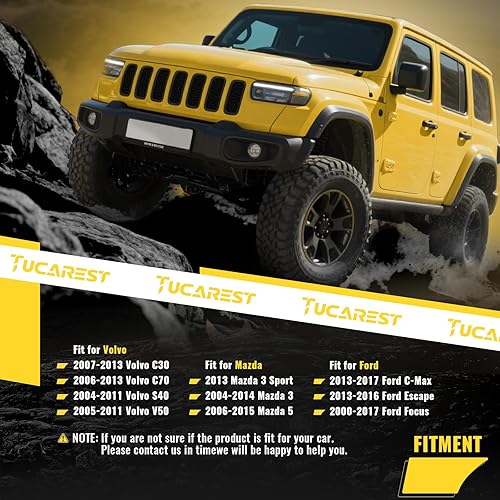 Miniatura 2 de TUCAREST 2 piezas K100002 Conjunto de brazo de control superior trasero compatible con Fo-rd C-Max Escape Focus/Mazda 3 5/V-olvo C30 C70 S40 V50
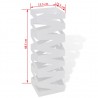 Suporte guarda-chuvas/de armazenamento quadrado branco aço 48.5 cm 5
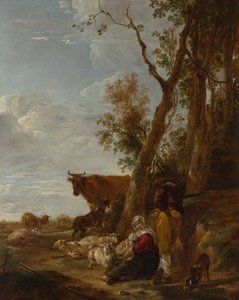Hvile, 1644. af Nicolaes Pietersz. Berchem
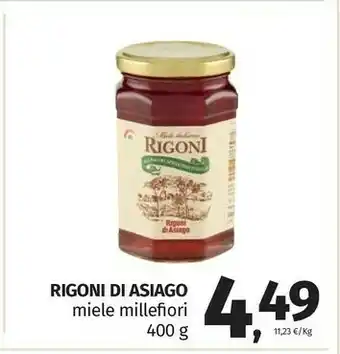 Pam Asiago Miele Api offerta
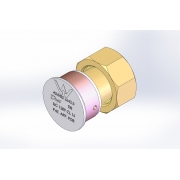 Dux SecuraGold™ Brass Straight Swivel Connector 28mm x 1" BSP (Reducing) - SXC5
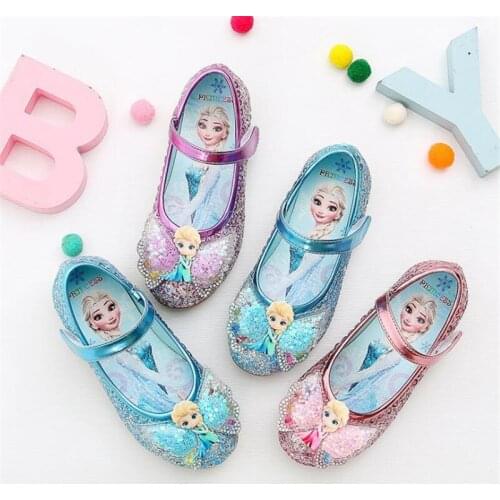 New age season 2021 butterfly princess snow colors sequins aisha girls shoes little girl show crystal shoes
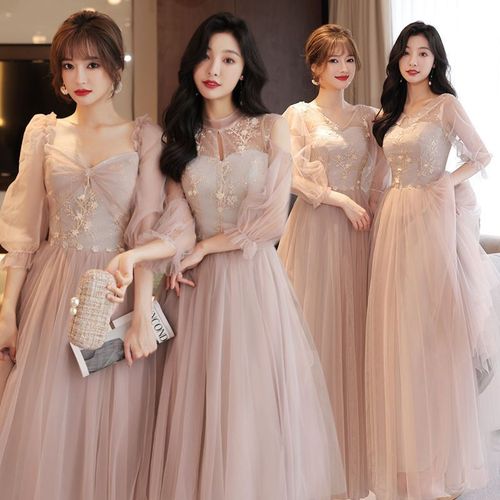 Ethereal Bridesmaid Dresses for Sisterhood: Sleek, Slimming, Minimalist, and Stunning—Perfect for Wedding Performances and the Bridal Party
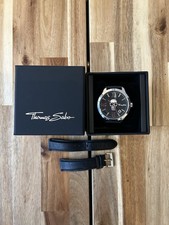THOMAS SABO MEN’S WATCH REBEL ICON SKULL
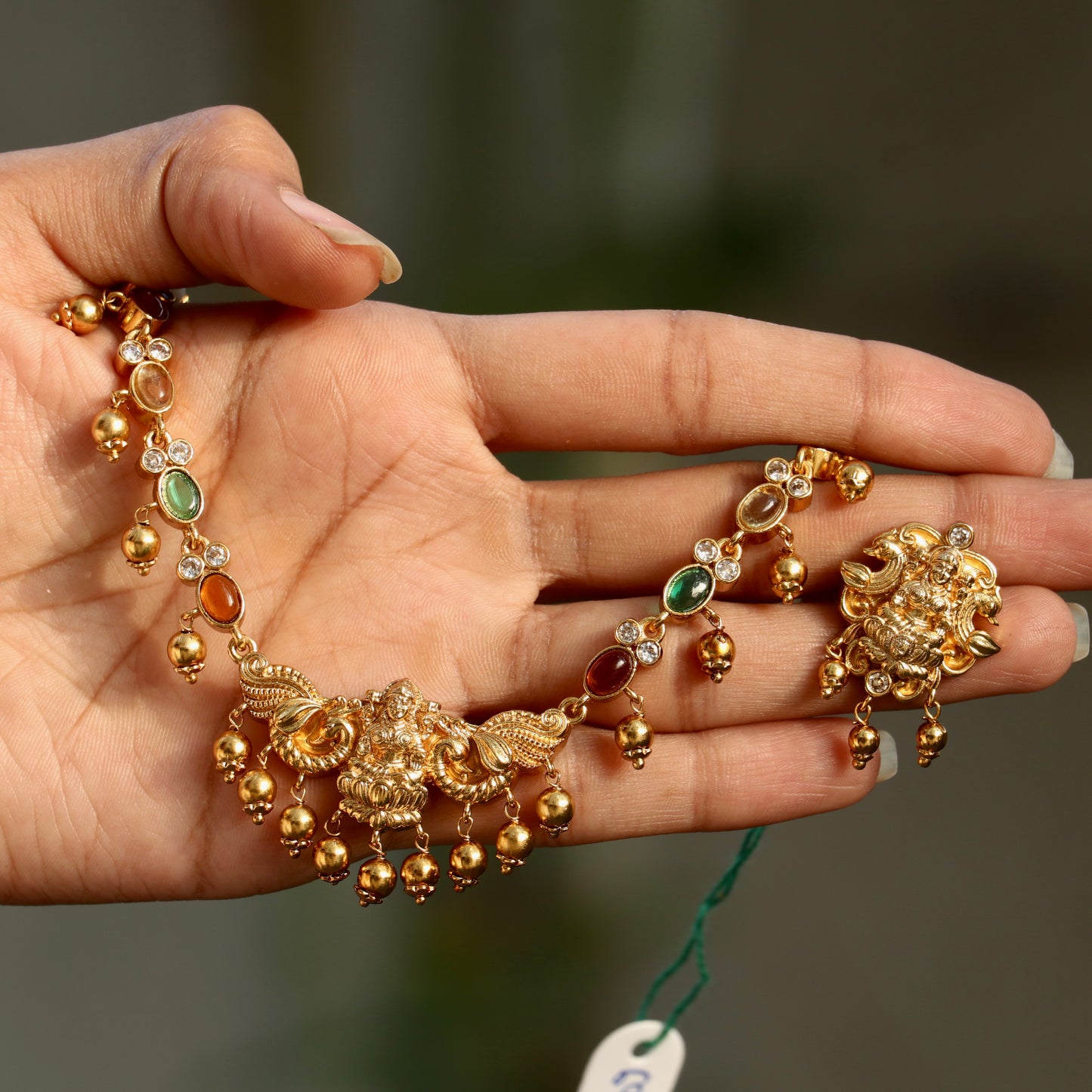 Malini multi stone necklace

Exercise
The job is to return the listing above exactly, minus its pictures.

Solution
 Miniatura 2 de TUCAREST 2 piezas K100002 Conjunto de brazo de control superior trasero compatible con Fo-rd C-Max Escape Focus/Mazda 3 5/V-olvo C30 C70 S40 V50
 Suporte guarda-chuvas/de armazenamento quadrado branco aço 48.5 cm 5
Hvile, 1644. af Nicolaes Pietersz. Berchem
 Pam Asiago Miele Api offerta
 Dux SecuraGold™ Brass Straight Swivel Connector 28mm x 1" BSP (Reducing) - SXC5
 New age season 2021 butterfly princess snow colors sequins aisha girls shoes little girl show crystal shoes
 Ethereal Bridesmaid Dresses for Sisterhood: Sleek, Slimming, Minimalist, and Stunning—Perfect for Wedding Performances and the Bridal Party
THOMAS SABO MEN’S WATCH REBEL ICON SKULL
 Malini multi stone necklace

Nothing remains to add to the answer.